:: About this task ::
Your reply should reproduce each line below exactly and carry none of the pictures.

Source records
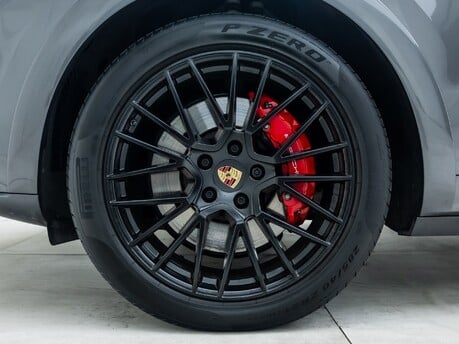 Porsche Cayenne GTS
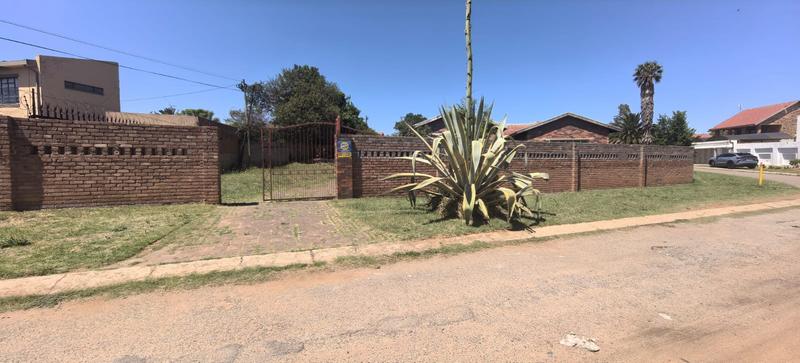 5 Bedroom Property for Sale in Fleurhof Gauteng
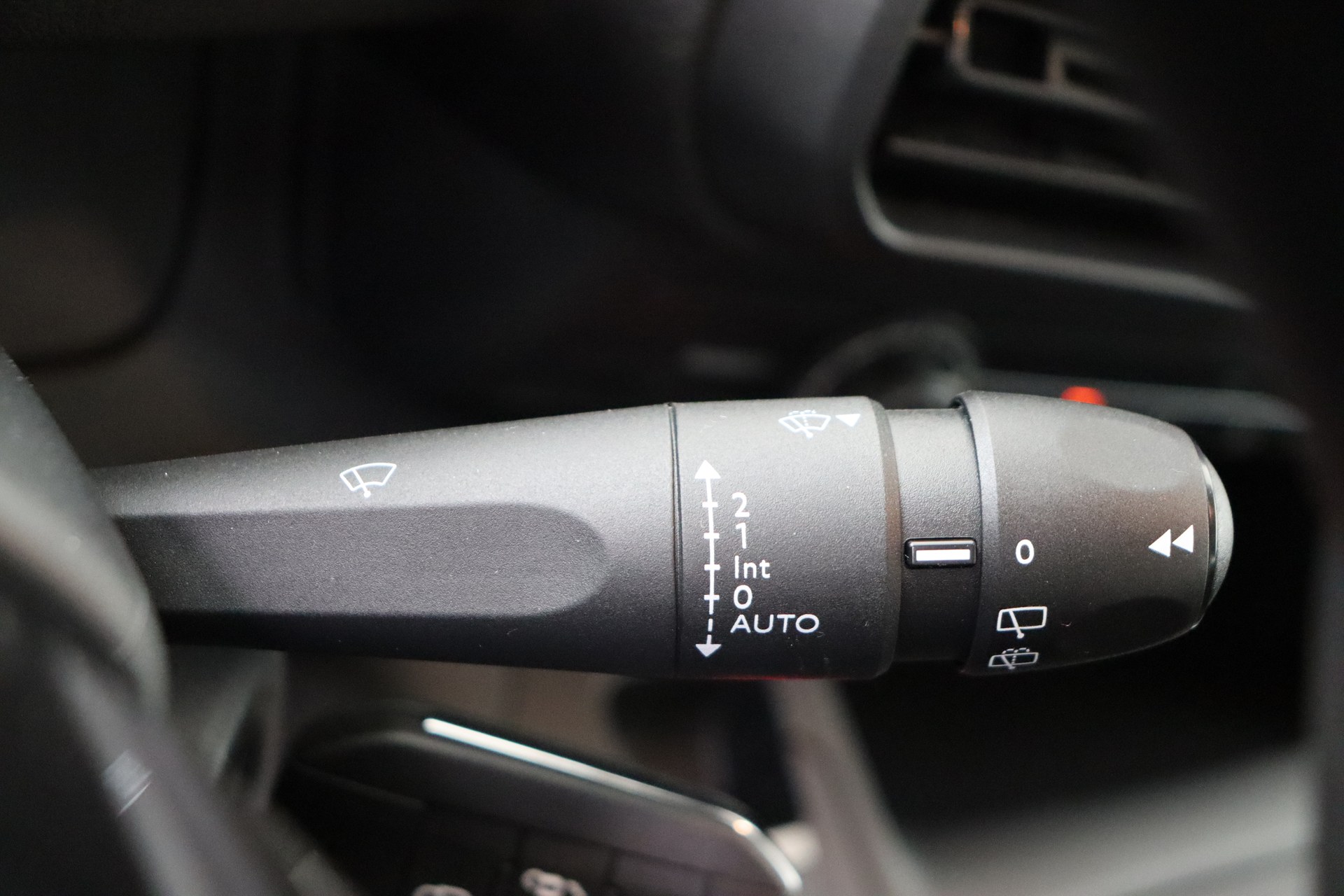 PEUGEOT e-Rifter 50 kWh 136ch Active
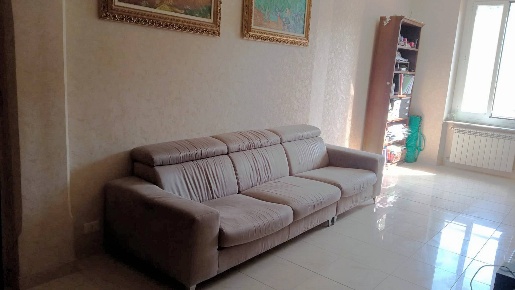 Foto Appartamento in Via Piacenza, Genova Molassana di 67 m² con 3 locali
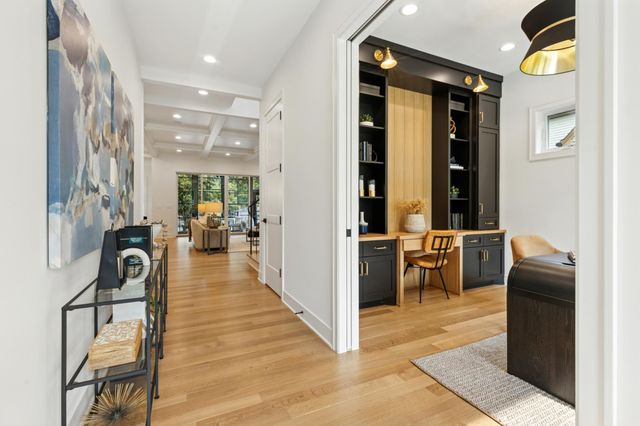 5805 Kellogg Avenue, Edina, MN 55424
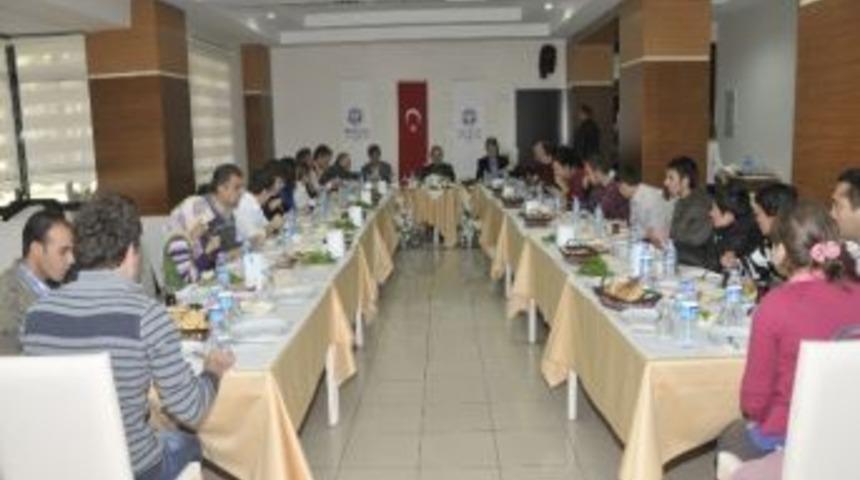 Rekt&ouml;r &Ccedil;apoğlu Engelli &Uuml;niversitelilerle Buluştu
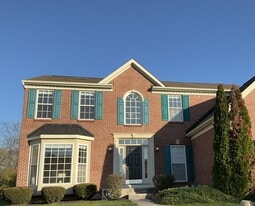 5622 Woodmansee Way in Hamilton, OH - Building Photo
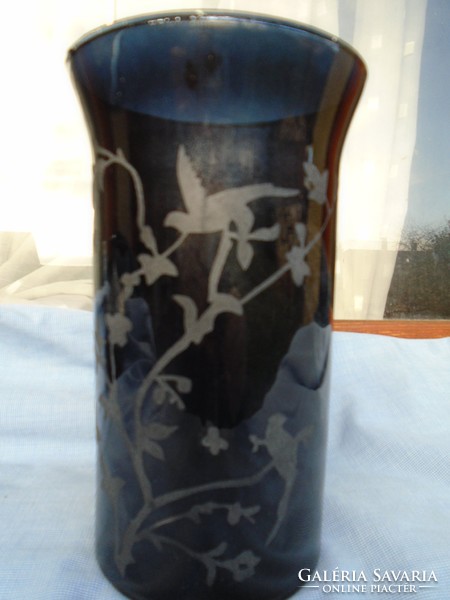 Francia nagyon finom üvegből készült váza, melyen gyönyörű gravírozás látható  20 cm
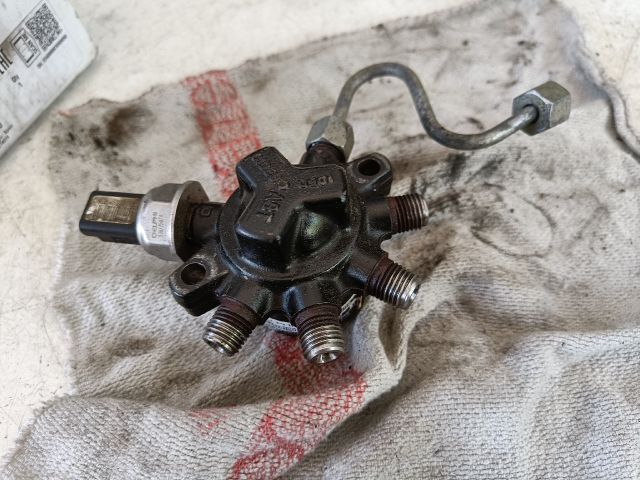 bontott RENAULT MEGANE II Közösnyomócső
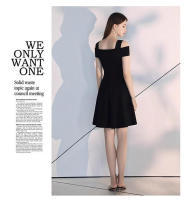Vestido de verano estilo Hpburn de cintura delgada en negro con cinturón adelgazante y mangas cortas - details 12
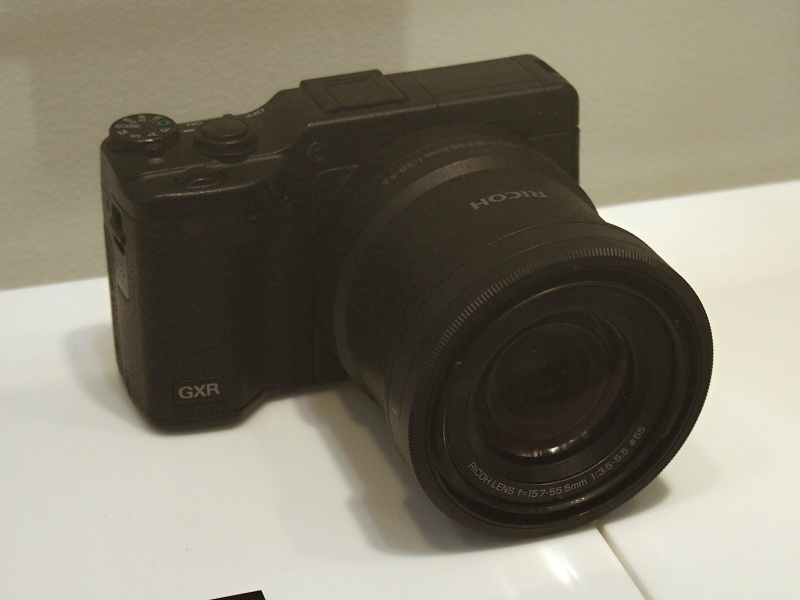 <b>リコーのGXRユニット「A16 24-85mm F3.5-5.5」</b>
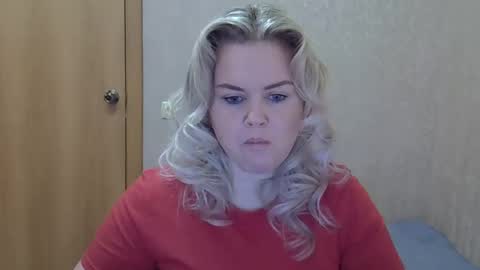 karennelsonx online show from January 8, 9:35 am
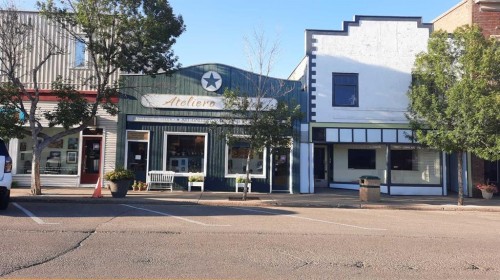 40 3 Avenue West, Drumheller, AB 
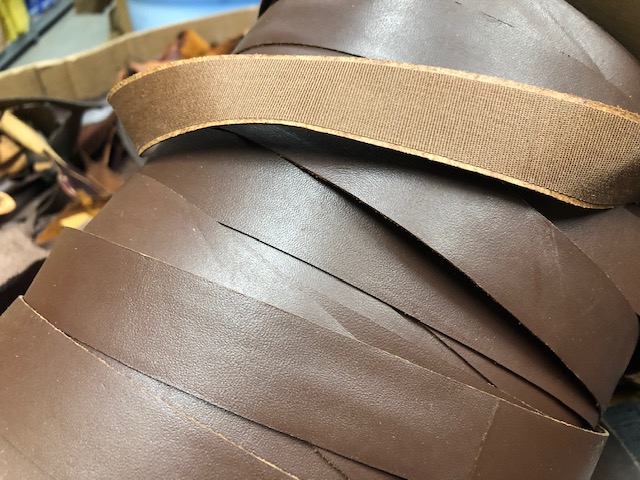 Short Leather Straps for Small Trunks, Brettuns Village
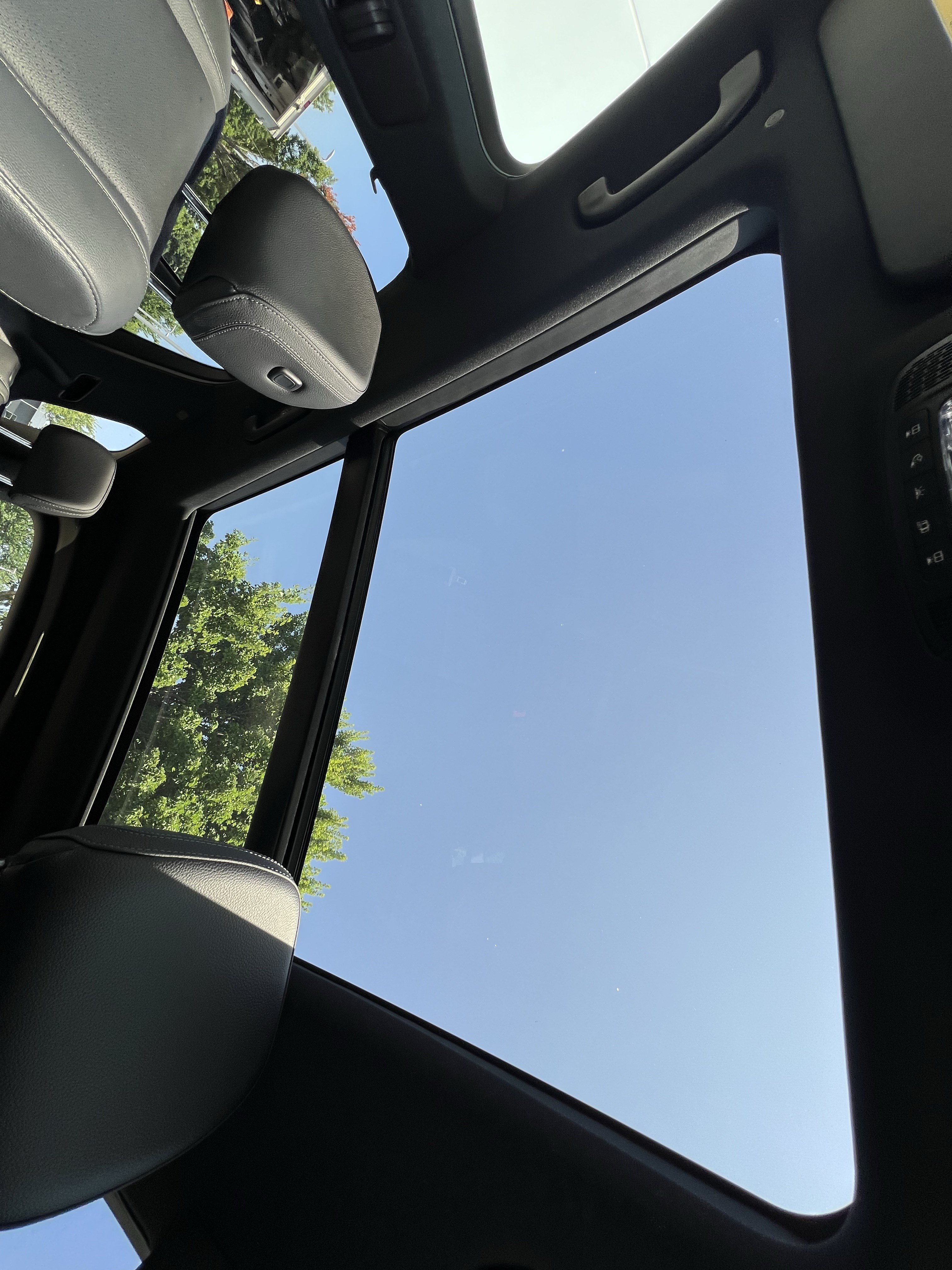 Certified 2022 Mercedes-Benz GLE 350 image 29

:: Worked solution ::
 Porsche Cayenne GTS
 5 Bedroom Property for Sale in Fleurhof Gauteng
 PEUGEOT e-Rifter 50 kWh 136ch Active
 Foto Appartamento in Via Piacenza, Genova Molassana di 67 m² con 3 locali
 5805 Kellogg Avenue, Edina, MN 55424
 Rekt&ouml;r &Ccedil;apoğlu Engelli &Uuml;niversitelilerle Buluştu
 5622 Woodmansee Way in Hamilton, OH - Building Photo
 Francia nagyon finom üvegből készült váza, melyen gyönyörű gravírozás látható  20 cm
 bontott RENAULT MEGANE II Közösnyomócső
Vestido de verano estilo Hpburn de cintura delgada en negro con cinturón adelgazante y mangas cortas - details 12
 <b>リコーのGXRユニット「A16 24-85mm F3.5-5.5」</b>
 karennelsonx online show from January 8, 9:35 am
 40 3 Avenue West, Drumheller, AB 
 Short Leather Straps for Small Trunks, Brettuns Village
 Certified 2022 Mercedes-Benz GLE 350 image 29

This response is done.